Much depends on who the House of Representatives appoints to the House/Senate Conference Committee, which will hammer out differences between the two versions of the bill. The biggest hurdle, of course, is funding the Supplemental Nutrition Assistance Program (SNAP), aka food stamps. The Senate voted to cut $4 billion; the House, $40 million.
But dairy policy is no minor issue. The Senate version contains NMPF’s Dairy Security Act, which includes both margin insurance and a market stabilization program. It would require participants to cut production two to six percent, depending on the level of milk:feed margin deterioration. The House version contains the margin insurance program at slightly higher premium rates but with no market stabilization program.
Mulhern calls the House version a "Trojan Horse" because he believes it could cost taxpayers billions. He likens it to the dairy price support program of the 1980s, which was linked to parity with semi-annual price support increases and no supply controls. That $13.10/cwt support price, adjusted for inflation, would equate to something like a $30/cwt milk price today.
Back in the ‘80s, that level of support resulted in huge surpluses, cost taxpayers up to $2 billion per year in government dairy purchases, and led to a string of dairy policy changes whose legacy we’re still dealing with.

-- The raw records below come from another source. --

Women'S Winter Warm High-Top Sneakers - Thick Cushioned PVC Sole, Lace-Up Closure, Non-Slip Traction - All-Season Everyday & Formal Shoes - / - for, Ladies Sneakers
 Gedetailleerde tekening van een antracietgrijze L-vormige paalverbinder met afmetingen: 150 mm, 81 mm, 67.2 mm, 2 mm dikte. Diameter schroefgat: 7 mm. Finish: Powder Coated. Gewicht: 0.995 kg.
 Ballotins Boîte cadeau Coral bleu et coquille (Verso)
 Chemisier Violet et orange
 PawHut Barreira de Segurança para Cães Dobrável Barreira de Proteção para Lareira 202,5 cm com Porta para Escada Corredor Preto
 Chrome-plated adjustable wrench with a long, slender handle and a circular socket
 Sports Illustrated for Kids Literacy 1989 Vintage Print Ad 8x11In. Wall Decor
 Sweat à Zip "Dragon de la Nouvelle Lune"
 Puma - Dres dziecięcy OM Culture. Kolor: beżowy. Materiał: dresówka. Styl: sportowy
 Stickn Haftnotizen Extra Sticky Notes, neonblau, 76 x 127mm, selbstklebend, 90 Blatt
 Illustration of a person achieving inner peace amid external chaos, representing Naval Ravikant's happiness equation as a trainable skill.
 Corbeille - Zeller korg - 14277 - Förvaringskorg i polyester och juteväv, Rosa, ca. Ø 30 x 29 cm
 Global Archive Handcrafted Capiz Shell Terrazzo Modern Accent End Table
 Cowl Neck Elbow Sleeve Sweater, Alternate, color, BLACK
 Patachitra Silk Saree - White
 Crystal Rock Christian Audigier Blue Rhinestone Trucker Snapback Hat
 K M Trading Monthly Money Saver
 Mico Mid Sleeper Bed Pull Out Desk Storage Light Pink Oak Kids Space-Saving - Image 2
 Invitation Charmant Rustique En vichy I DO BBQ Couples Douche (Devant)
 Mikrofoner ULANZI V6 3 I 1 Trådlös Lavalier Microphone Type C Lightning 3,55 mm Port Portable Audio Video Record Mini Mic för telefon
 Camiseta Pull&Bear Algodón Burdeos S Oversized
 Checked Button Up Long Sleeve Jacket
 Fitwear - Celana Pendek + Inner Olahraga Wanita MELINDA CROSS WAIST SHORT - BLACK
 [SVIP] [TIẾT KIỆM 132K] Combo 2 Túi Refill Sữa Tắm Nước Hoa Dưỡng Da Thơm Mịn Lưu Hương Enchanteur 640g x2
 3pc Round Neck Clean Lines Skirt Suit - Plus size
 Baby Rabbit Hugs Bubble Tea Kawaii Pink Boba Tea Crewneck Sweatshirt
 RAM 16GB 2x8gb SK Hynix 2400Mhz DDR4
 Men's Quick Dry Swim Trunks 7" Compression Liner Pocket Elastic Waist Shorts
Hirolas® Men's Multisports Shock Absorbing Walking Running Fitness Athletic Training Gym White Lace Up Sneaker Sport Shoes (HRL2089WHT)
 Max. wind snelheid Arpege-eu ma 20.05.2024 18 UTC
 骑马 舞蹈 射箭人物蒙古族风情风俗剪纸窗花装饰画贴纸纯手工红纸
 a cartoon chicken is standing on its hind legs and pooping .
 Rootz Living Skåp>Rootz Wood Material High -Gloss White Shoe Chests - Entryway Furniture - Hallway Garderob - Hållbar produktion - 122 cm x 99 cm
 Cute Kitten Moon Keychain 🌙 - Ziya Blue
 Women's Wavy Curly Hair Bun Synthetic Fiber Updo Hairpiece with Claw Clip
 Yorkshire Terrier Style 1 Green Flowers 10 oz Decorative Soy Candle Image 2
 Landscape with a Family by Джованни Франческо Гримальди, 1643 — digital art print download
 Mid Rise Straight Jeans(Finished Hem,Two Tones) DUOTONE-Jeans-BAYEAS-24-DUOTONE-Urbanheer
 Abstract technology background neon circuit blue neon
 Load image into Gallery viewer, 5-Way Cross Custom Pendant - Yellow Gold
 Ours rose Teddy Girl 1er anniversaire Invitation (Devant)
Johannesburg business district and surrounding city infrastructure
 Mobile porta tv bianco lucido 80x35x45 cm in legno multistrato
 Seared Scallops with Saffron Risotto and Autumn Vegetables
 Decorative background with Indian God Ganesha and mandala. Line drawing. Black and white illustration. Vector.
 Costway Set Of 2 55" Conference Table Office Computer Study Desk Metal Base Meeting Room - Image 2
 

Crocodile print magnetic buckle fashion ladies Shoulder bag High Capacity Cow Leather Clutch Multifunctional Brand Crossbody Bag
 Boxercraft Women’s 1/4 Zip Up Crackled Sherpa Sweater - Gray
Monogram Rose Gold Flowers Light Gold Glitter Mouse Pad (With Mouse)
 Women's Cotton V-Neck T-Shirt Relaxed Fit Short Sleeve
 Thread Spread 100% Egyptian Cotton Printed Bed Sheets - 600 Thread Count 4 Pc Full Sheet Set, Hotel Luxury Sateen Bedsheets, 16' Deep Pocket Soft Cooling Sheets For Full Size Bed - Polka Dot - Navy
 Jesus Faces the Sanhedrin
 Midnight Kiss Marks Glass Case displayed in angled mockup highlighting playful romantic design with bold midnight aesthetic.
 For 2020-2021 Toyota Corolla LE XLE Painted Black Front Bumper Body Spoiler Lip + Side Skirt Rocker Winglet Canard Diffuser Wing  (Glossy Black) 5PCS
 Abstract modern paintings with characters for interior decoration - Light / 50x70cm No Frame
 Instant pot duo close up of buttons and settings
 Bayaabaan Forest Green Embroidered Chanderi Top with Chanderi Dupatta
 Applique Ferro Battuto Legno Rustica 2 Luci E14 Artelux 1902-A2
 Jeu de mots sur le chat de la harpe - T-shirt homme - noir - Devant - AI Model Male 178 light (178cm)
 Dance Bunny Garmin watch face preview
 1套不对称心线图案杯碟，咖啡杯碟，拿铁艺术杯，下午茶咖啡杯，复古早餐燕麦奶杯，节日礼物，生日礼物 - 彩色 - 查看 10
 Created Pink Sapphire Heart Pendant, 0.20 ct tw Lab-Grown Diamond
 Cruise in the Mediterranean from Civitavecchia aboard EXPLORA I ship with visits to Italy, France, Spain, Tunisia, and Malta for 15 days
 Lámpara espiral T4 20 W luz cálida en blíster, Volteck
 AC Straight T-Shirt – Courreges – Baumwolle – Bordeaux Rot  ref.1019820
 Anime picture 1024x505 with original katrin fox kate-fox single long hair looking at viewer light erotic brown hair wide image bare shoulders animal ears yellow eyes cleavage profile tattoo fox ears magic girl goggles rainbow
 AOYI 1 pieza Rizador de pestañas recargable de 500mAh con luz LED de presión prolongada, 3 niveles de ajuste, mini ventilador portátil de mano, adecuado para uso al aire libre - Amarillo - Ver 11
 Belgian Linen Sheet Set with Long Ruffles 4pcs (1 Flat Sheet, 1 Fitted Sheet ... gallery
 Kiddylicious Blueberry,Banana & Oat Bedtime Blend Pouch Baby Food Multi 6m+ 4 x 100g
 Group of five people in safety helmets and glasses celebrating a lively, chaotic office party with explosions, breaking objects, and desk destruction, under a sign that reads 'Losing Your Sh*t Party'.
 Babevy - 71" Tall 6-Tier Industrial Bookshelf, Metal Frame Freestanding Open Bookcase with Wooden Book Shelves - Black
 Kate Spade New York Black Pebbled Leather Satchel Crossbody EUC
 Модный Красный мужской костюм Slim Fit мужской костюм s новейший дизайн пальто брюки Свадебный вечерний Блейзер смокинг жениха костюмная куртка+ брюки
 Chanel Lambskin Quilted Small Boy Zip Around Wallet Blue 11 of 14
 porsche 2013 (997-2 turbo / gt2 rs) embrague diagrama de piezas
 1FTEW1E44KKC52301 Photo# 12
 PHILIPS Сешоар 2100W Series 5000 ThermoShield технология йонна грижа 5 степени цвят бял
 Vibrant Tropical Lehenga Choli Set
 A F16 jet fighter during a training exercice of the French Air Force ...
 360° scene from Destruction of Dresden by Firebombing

Mulhern also says the allegation that a market stabilization program would lead to substantially higher milk prices for consumers is "a big lie." Those making that argument "were pulling out numbers selectively" to make their case, he says. But the strategy was effective in the House vote as representative after representative chided the bill for increasing retail milk prices.
New dairy policy, and the farm bill itself, will hinge on who gets appointed to the House/Senate Conference committee. If the conference is primarily House and Senate agriculture committee members, Mulhern is confident market stabilization would be in the final bill because it passed both of the those committees. But if Speaker of the House John Boehner appoints House conferees from Republican leadership, the dynamic could change.
Boehner himself vowed that the market stabilization program would not be part of the House version. And he likely is as adamant it not be in the final conferenced bill. Remember, too, that market stabilization failed by more than a 2:1 version in the House vote.
In earlier conversations I’ve had with milk processor lobbyists, they are confident that because of Boehner’s opposition and the overwhelmingly vote in the House, market stabilization is on its last hours of life support. Though not dead, it would take heroic efforts to bring it back to consciousness.
It’s going to be interesting to see who is right.